Exercise directions:
Only the pictures are to be left out; write out the rest of the data exactly.

Collected material:
▬▬▬▬▬▬▬▬▬▬
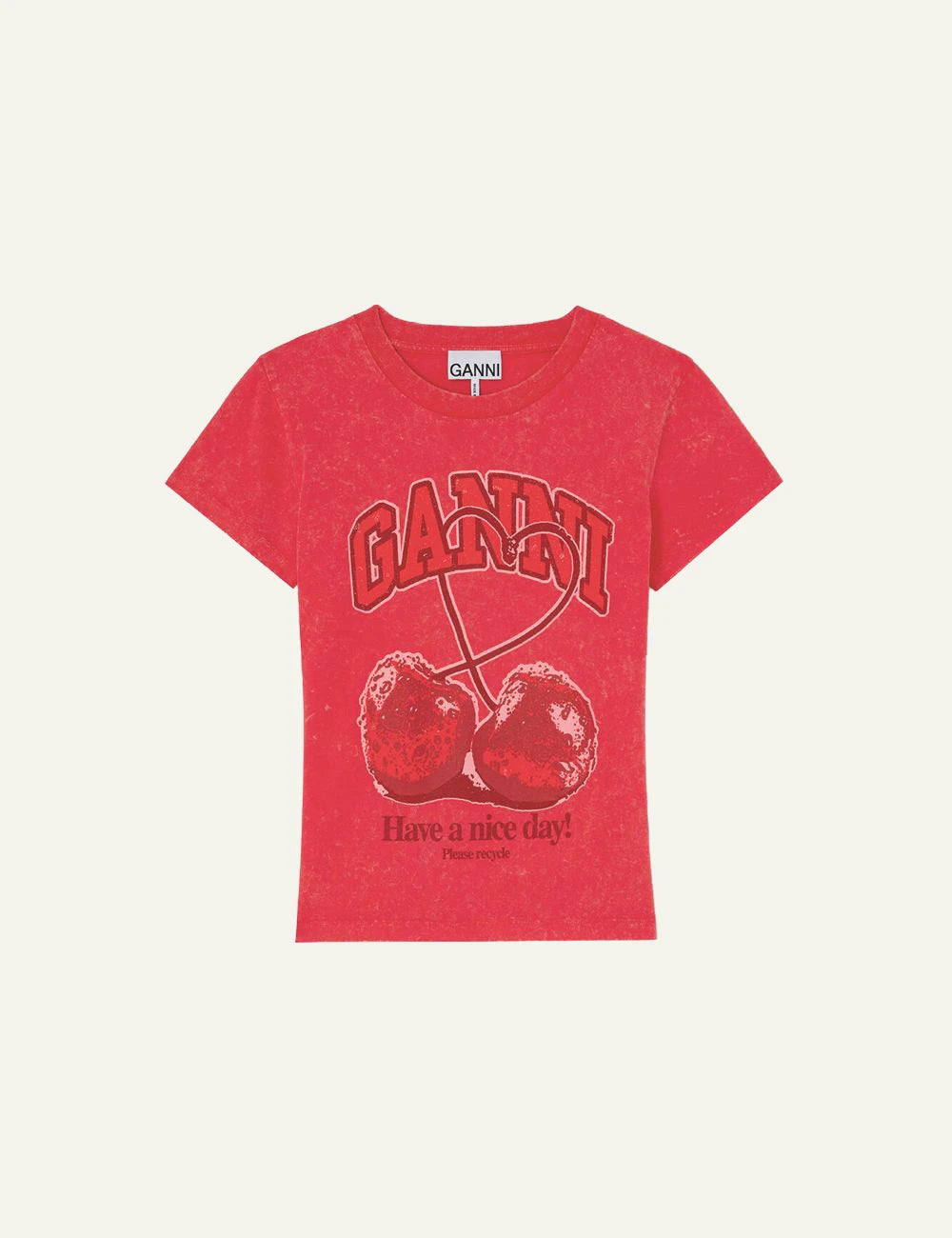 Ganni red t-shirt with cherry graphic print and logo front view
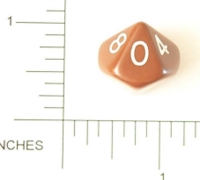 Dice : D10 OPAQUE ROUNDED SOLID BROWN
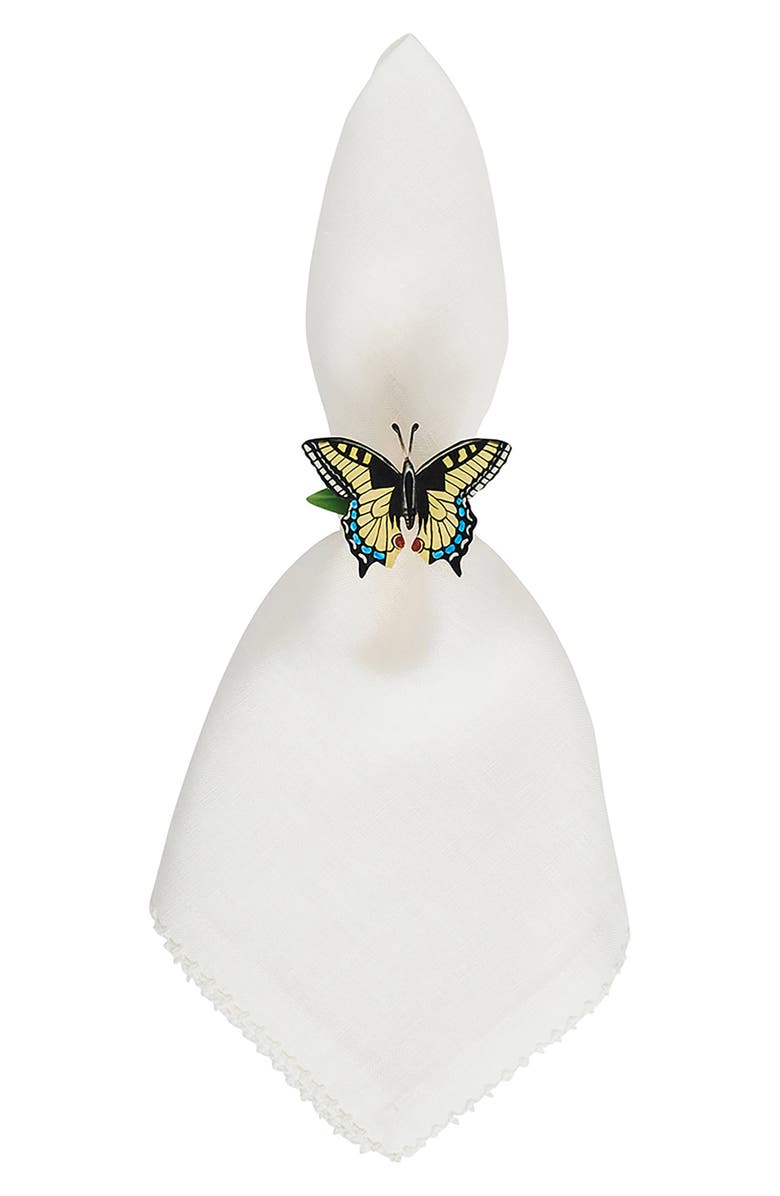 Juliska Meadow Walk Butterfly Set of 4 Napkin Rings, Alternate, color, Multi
▬▬▬▬▬▬▬▬▬▬
Answer section:
 Ganni red t-shirt with cherry graphic print and logo front view
 Dice : D10 OPAQUE ROUNDED SOLID BROWN
 Juliska Meadow Walk Butterfly Set of 4 Napkin Rings, Alternate, color, Multi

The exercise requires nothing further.